La Constitution de 2013 a créé la Commission nationale pour la paix et la réconciliation (NPRC). La loi a été promulguée en janvier 2018, peu après le retrait de Mugabe du pouvoir. Le mandat de la NPRC est « d’assurer la justice, l’apaisement et la réconciliation après les conflits, y compris l’élaboration de programmes favorisant l’apaisement national, l’unité et le règlement pacifique des conflits ». Cependant, la plupart des acteurs étatiques qui étaient en charge lorsque les massacres ont eu lieu sont actuellement au pouvoir, ce qui remet en question la sincérité des autorités face aux crimes passés, en particulier ceux dans lesquels ils ont pu être directement impliqués. Comme Mugabe, Mnangagwa a également déclaré que « le passé devrait être laissé au passé », au lieu d’assumer toute responsabilité et son rôle dans la répression et les crimes commis. Cela rend le mandat de la NPRC difficile à réaliser. La commission est financée par le Trésor public. Cela donne à l’État la marge de manœuvre nécessaire pour influencer ses opérations. Le président est également autorisé à choisir les membres de la commission.

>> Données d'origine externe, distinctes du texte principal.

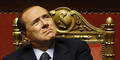 Silvio BERLUSCONI [610x305]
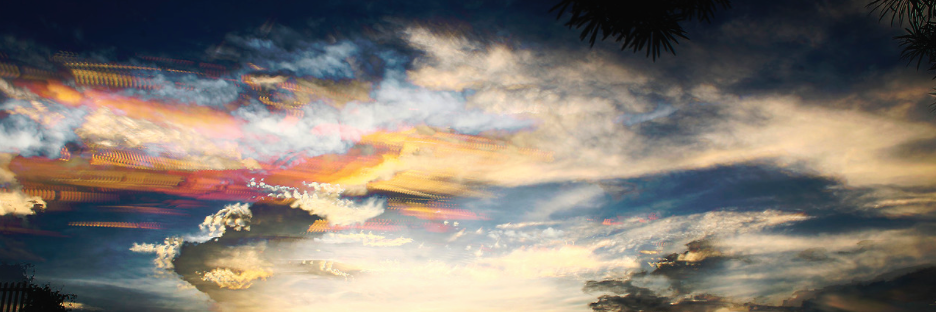 BO3DYX_'s profile banner image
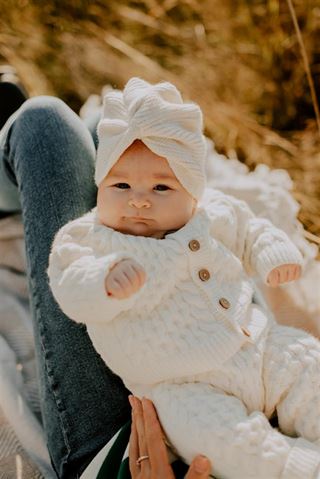 Strik Sweater Dame – Alt Du Behøver At Vide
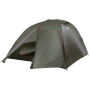 Tienda de campaña Big Agnes Copper Spur Hv UL4 2025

Interdits levés, et premières inhumations
Depuis sa création, la NPRC a lancé une série de programmes de sensibilisation dans tout le pays, donnant aux victimes des conflits passés, y compris les massacres des années 80, l’occasion de parler publiquement de leur expérience. Ce processus de vérité peut offrir aux victimes, et éventuellement aux auteurs, une plateforme pour partager leurs versions de l’histoire. Le gouvernement zimbabwéen a néanmoins commodément sauté quelques étapes importantes – telles que l’acceptation des faits, un discours de vérité par les individus et les institutions impliqués, la justice restauratrice, les réparations. Il se concentre maintenant sur la documentation et les ré-inhumations, comme dans le cas du Gukurahundi.

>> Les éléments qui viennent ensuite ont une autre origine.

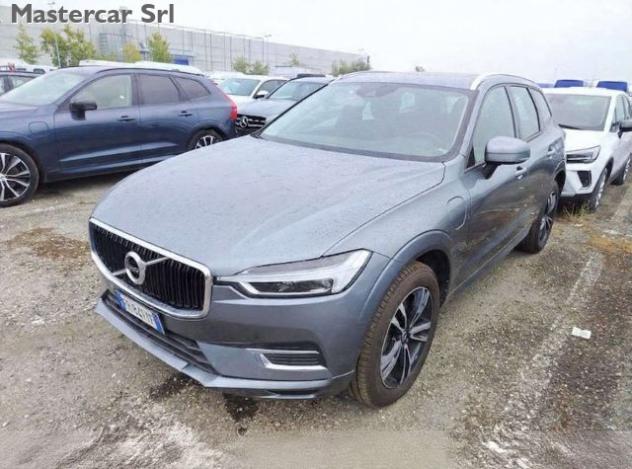 VOLVO XC60 XC60 2.0 t8 Business Sport awd 320cv geartronic - rif. 24193349 - Foto 2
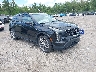 1GYFZFR4XLF****** Salvamento y Destrozados 2020 Cadillac XT4 en Templeton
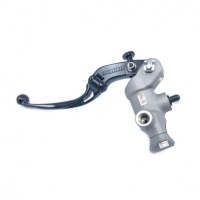 MAITRE CYLINDRE PRS 19X17-18-19 ACCOSSATO LEVIER REPLIABLE - Type : Long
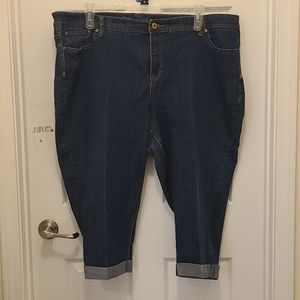 Faded Glory Jeans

Pendant que Nhlanganiso Sithole se cachait dans la brousse, un jeune couple de la région qui tentait désespérément de partir en train pour Bulawayo a entendu les coups de feu et a changé de direction pour échapper aux soldats. Malheureusement, leur nouvel itinéraire les a conduits directement sur ces derniers, qui les ont tués sur place. Les victimes, identifiées comme étant Justin Tshuma, 32 ans, et son épouse Thembi Ngwenya, 21 ans, ont été enterrées dans une tombe peu profonde, à quelques mètres de la voie ferrée où elles avaient été ensevelies par les soldats de la Cinquième brigade. Le 7 avril 2019, les restes du couple ont été exhumés pour être enterrés de nouveau par Ukuthula Trust, une organisation experte en pathologie. L’événement, organisé à la demande des familles, était une première dans le district depuis que les massacres ont eu lieu. Un signe que l’interdiction non écrite de toute discussion ouverte sur les massacres des années 1980 était bien levée.

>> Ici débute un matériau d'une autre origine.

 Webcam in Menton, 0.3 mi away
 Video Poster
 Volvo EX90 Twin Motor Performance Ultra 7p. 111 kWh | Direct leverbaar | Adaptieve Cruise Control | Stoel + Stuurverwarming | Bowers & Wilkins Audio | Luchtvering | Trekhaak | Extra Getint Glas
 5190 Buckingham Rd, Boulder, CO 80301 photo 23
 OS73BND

Mais il est peu probable que l’approche partielle du gouvernement aboutisse à un règlement complet des crimes du passé. Certaines parties peuvent se sentir déçues par le processus et finir par ne pas y participer. Le gouvernement zimbabwéen a encore beaucoup à faire pour instaurer la justice, la vérité, la réconciliation et l’apaisement dans de nombreuses communautés du pays qui ont été touchées par la violence étatique.